4.6 Randomization tests

Randomization tests were introduced by R.A. Fisher in 1935. The goal of a randomization test is to help discovering some regularity (e.g. a non random property or pattern) in a complicated data set. A classic example is to take a pack of poker play-cards and check whether they were well shuffled by our poker opponent. According to the hypothesis testing terminology, randomization tests make the null hypothesis of randomness and test this hypothesis against data. In order to test the randomness hypothesis, several random transformation of data are generated.

Suppose we are interested in some property which is related to the order of data. Let the original data set $D_ N={ x_1,\dots,x_ N} $ and $t(D_ N)$ some statistic which is a function of the order in the data $D_ N$. We want to test if the value of $t(D_N)$ is due only to randomness.
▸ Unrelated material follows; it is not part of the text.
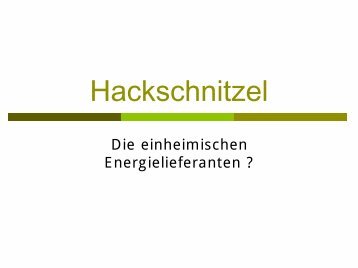 Vortrag: Hackschnitzel - Horst R. Dänzer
  • An empirical distribution is generated by scrambling (or shuffling) $R$ times the $N$ elements at random. For example the $j$th, $j=1,\dots ,R$ scrambled data set could be $D^{(j)}_ N={ x_{23},x_4,x_{343},\dots } $

  • For each of the $j$th scrambled sets we compute a statistic $t^{(i)}$. The resulting distribution is called the resampling distribution.

  • Suppose that the value of $t(D_ N)$ is only exceeded by $k$ of the $R$ values of the resampling distribution.

  • The probability of observing $t(D_ N)$ under the null hypothesis (i.e. randomness) is only $p_ t=k/R$. The null hypothesis can be accepted/rejected on the basis of $p_ t$.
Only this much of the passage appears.